Hive-Ngram-Analysis

This repository contains a Hive project to analyze Google Books n-grams dataset. This project demonstrates how to install and deploy Hive on a local Hadoop pseudo-distributed cluster, merge data files on HDFS, compute average occurrences of each bigram per year, and identify the top 20 bigrams by their average yearly occurrences.

Task 1 Hive安装部署

Step 1 下载并解压Hive安装包

首先需要下载Hive安装包文件， Hive官网下载地址，并执行以下操作进行解压：

sudo tar -zxvf ./apache-hive-3.1.3-bin.tar.gz -C /usr/local   # 解压到/usr/local中
cd /usr/local/
sudo mv apache-hive-3.1.3-bin hive       # 将文件夹名改为hive
sudo chown -R hadoop:hadoop hive            # 修改文件权限

Step 2 配置环境变量

为了方便使用，把hive命令加入到环境变量中去，使用vim编辑器打开.bashrc文件，命令如下：

vim ~/.bashrc

在该文件最前面一行添加如下内容：

export HIVE_HOME=/usr/local/hive
export PATH=$PATH:$HIVE_HOME/bin
export HADOOP_HOME=/usr/local/hadoop

HADOOP_HOME需要被配置成你机器上Hadoop的安装路径，比如这里是安装在/usr/local/hadoop目录。

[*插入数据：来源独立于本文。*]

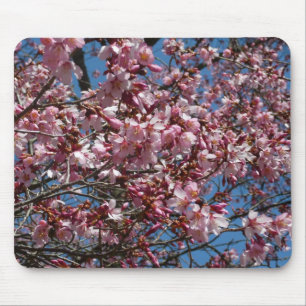 Cherry Blommar och Blå himmel Vår Blommigten Musmatta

保存退出后，运行如下命令使配置立即生效：

source ~/.bashrc

Step 3 修改`/usr/local/hive/conf`下的hive-site.xml

执行如下命令：

cd /usr/local/hive/conf
mv hive-default.xml.template hive-default.xml

上面命令是将hive-default.xml.template重命名为hive-default.xml；

然后，使用vim编辑器新建一个配置文件hive-site.xml，命令如下：

cd /usr/local/hive/conf
vim hive-site.xml

在hive-site.xml中添加如下配置信息：

<?xml version="1.0" encoding="UTF-8" standalone="no"?>
<?xml-stylesheet type="text/xsl" href="configuration.xsl"?>
<configuration>
  <property>
    <name>javax.jdo.option.ConnectionURL</name>
    <value>jdbc:mysql://localhost:3306/hive?createDatabaseIfNotExist=true</value>
    <description>JDBC connect string for a JDBC metastore</description>
  </property>
  <property>
    <name>javax.jdo.option.ConnectionDriverName</name>
    <value>com.mysql.jdbc.Driver</value>
    <description>Driver class name for a JDBC metastore</description>
  </property>
  <property>
    <name>javax.jdo.option.ConnectionUserName</name>
    <value>hive</value>
    <description>username to use against metastore database</description>
  </property>
  <property>
    <name>javax.jdo.option.ConnectionPassword</name>
    <value>hive</value>
    <description>password to use against metastore database</description>
  </property>
</configuration>

然后，按键盘上的“ESC”键退出vim编辑状态，再输入:wq，保存并退出vim编辑器。

Step 4 安装mysql和JDBC包

使用以下命令即可进行mysql安装，注意安装前先更新一下软件源以获得最新版本：

sudo apt-get update  #更新软件源
sudo apt-get install mysql-server  #安装mysql

启动mysql服务器：

service mysql start

确认是否启动成功，mysql节点处于LISTEN状态表示启动成功：

sudo netstat -tap | grep mysql

下载JDBC 驱动程序，复制到Hive的lib目录：

Step 5 启动并登陆mysql shell

service mysql start #启动mysql服务
mysql -u root -p  #登陆shell界面

新建hive数据库

create database hive;    #这个hive数据库与hive-site.xml中localhost:3306/hive的hive对应，用来保存hive元数据

配置mysql允许hive接入：

create user 'hive'@'localhost' identified by 'hive';
grant all on *.* to 'hive'@'localhost';   #将所有数据库的所有表的所有权限赋给hive用户，后面的hive是配置hive-site.xml中配置的连接密码
flush privileges;  #刷新mysql系统权限关系表

Step 6 启动hive

启动hadoop和hive

cd /usr/local/hadoop #进入Hadoop安装目录
./sbin/start-dfs.sh
cd /usr/local/hive
./bin/hive

发生报错：

【错误】

java.lang.NoSuchMethodError: com.google.common.base.Preconditions.checkArgument

【原因】

com.google.common.base.Preconditions.checkArgument 这是因为hive内依赖的guava.jar和hadoop内的版本不一致造成的。

【解决方法】

1.查看hadoop安装目录下share/hadoop/common/lib内guava.jar版本

2.查看hive安装目录下lib内guava.jar的版本如果两者不一致，删除版本低的，并拷贝高版本的问题解决！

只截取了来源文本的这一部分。